Another good catch. I remember consciously making a last pass to get them
all consistent, and I wanted them consistent with the spec, and I see now
I messed up.
XPath 1.0 [2] has zero instances of "nodeset", two of "node set" and about
six dozen of "node-set". The only appearances of "node set" without the
hyphen are in a heading and its ToC entry. The stuff under that heading
consistently uses node-set. It seems that's the XPath 1.0 term for sure.
When I made my consistency pass, I must have been looking too recently
in libxml2 C source, rather than the spec.
On 03/26/19 23:52, Tom Lane wrote:
> That seemed a bit jargon-y to me too. If that's standard terminology
> in the XML world, maybe it's fine; but I'd have stuck with "node set".

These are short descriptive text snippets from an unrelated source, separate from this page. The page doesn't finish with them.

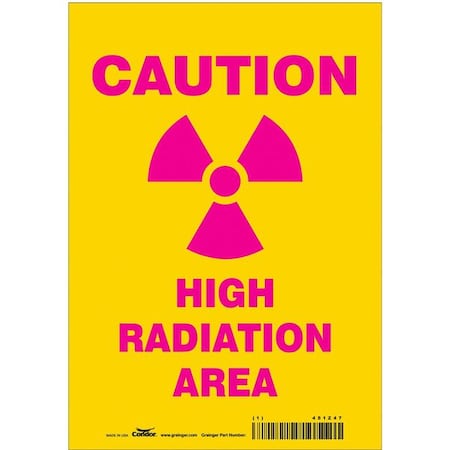 Condor Radiation Safety Sign, 10 in H, 7 in W, Vinyl, Horizontal Rectangle, 451Z47 451Z47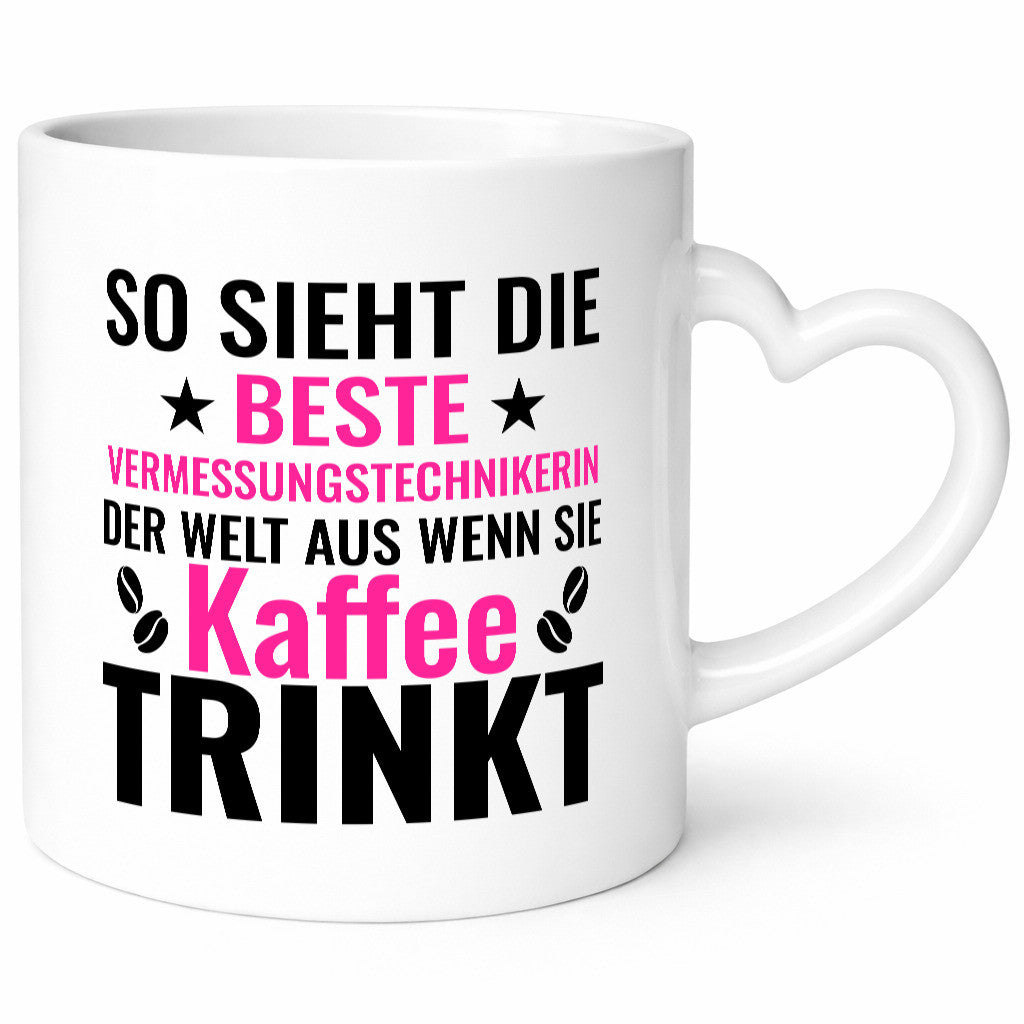 Kaffee trinkt: Vermessungstechnikerin | Techniker Geschenkidee Humor Tasse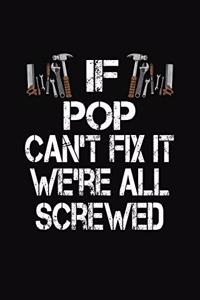 If Pop Can't Fix It We're All Screwed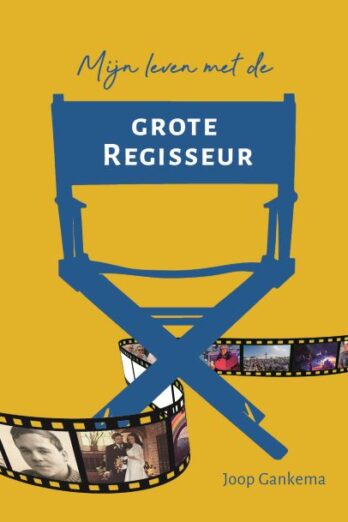 Mijn leven met de grote regisseur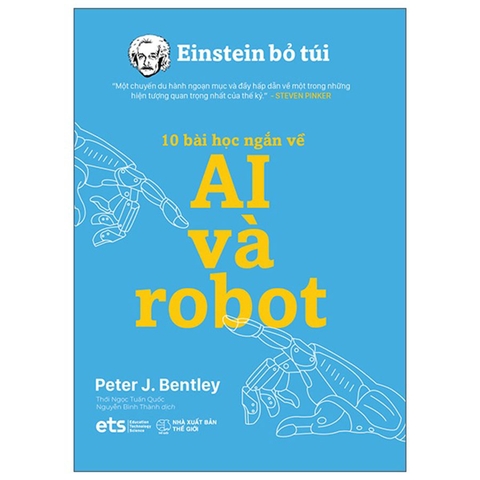 Einstein Bỏ Túi - 10 Bài Học Ngắn Về - AI Và Robot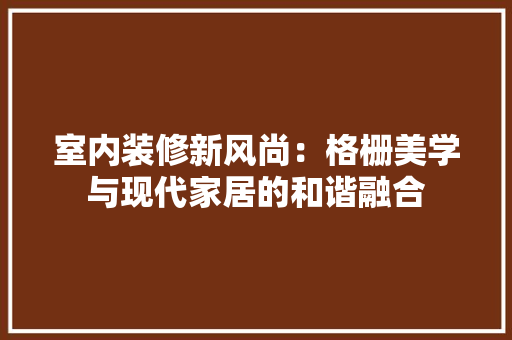 室内装修新风尚：格栅美学与现代家居的和谐融合 现代风格装饰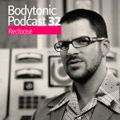 Bodytonic Podcast 032 : Recloose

It really was my intention (though I flubbed it) to use XPath 1.0's term
for XPath 1.0's concept; in my doc philosophy, that gives readers
the most breadcrumbs to follow for the rest of the details if they want
them. "Node set" might be some sort of squishy expository concept I'm
using, but node-set is a thing, in a spec.
If you agree, I should go through and fix my nodesets to be node-sets.
I do think the terminology matters here, especially because of the
differences between what you can do with a node-set (XPath 1.0 thing)
and with a sequence (XPath 2.0+,XQuery,SQL/XML thing).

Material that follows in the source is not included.